I really like the view there, actually i prefer to visit these kinds of places than beaches like boracay. Because its much more peaceful and relaxing,, for me.

What's Your Pokéname?

I was browsing the net to look for tips and tricks in playing pokémon until i stumbled in Pokémon Name Generator. I tried it and this is my pokéname:

Flarrino – i live in the veldts of Britain and my diet consists mostly of macaroni and cheese, Cherry Garcia (what!?!) and blood (rofl). I can walk on maple syrup. I can breath lava. I can spit 8-track tapes and throw bricks. I have a cellphone (wow, i’m a techie pokémon). I can breathe Mr. PiBB and puke Dr. Pepper.

It’s so funny. Why don’t you guys give it a try too. :)

Cyber-Love

Mobile phones, laptop, pc.. These are just some of the means to socialize. With Yahoo Messenger, Skype, Friendster, Chatron, and lots more, who would say that they are bored and without any friends and/or bf/gf?

Scanning community or networking sites is like a form of stalking but hey, it’s actually no different from surveying the party to check out the scene. After picking a target the next step is to win your persona over him/her. Share a few points of view, exchange mobile numbers, and there you go. If you win him/her over, good for you but if not, go find another one again. Goodluck! Lol.

The bad side is that, there is a possibility to get duped online. It is easy to exaggerate profile entries. It is easy to post pictures of whomever. And some are just photogenic.

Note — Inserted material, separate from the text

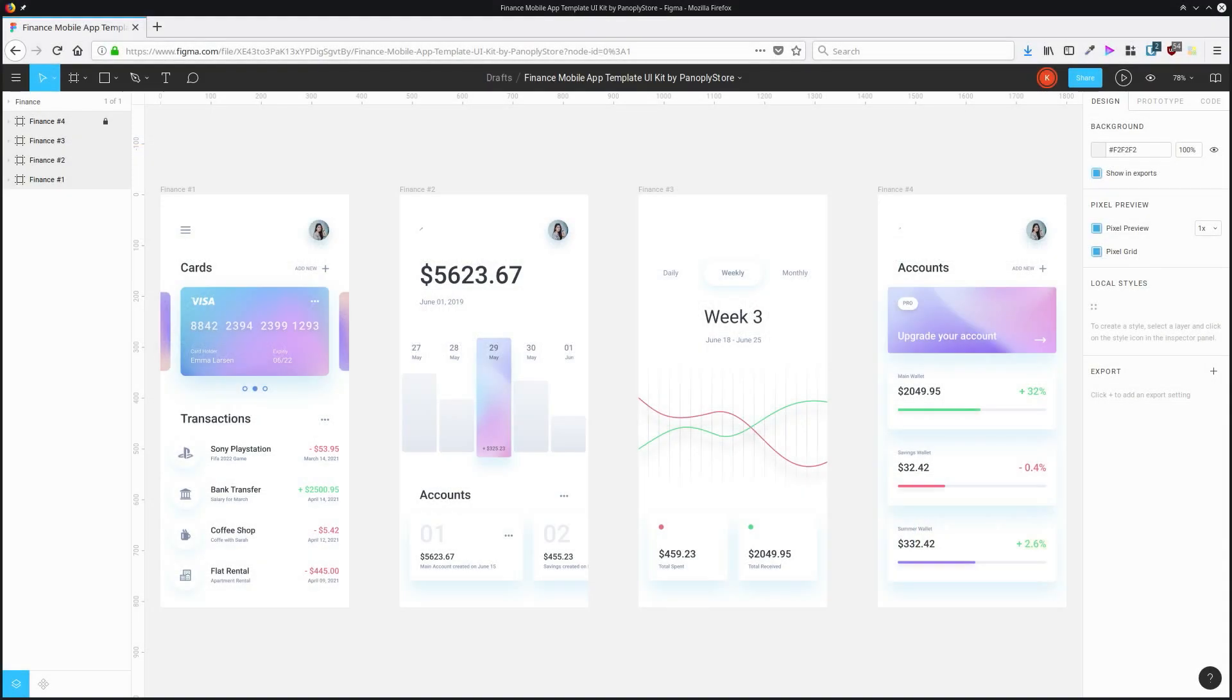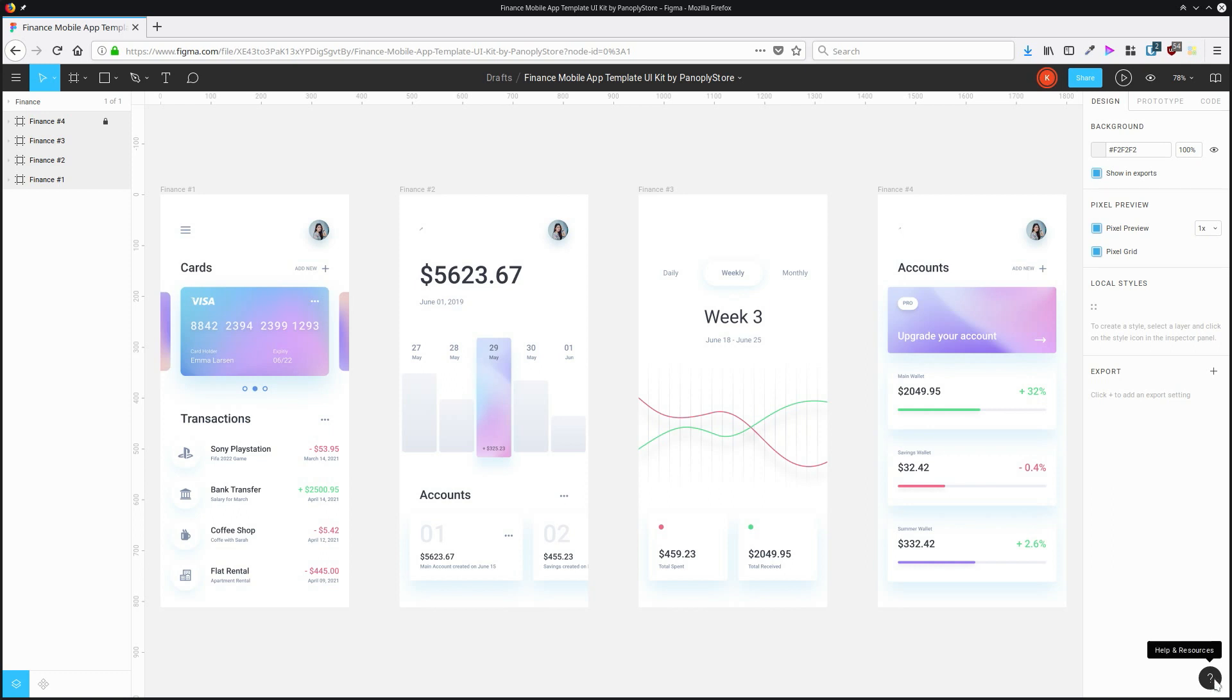Throughout this series of Figma tips, I've mentioned a couple of times that there are different shortcuts depending on what your platform is. When you're looking up information on how to use the program, you might see a shortcut that's not for your platform. So what you can do to find out what the shortcuts are that are going to work for you is go down to this little question mark at the bottom right of the screen.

For me, nothing beats the real thing. It’s better to kiss for real rather than exchanging “hmwah” or “tsup” in sms or chat. It’s better to talk to someone face to face rather than in webcam.

Love in a Scientific Prospective

So you found a potential partner, a stimulus that activated the natural opioids in the brain that resulted craving and ecstasy.

They say that romance is processed in three areas in the brain. The first is the ventral tegmentum which is found in the transverse section of mid-brain at level of superior colliculi. It is said that it is the body’s central refinery for dopamine. One of the job of dopamine is that it regulates rewards. If you learned that you passed the board exam, it is the dopamine rush that is responsible for the delight that you feel.

The second area is the nucleus accumbens which is the collection of neurons within the forebrain that is thought to play an important role in addiction. Thrill signals that starts in the lower brain are processed in the nucleus accumbens via dopamine, serotonin and importantly oxytocin. It is said that oxytocin is the reason why lovers bind together. So increase amount of this could lengthen and strengthen the bond of a relationship.

The last ingredient for love potion is found in caudate nucleus. Located in either side of the head within the basal ganglia. It controls motor skills and responsible for brain’s learning and memory system. So this is where you learn to love a person and remember all the sweet moments that has happened, a reason to love a person more.

I can say that love can be due to these chemicals and brain function. But as i ponder on it, i just can’t help but smile because maybe the reason why God placed those stuff on our brain is that because He wants us to love and be loved.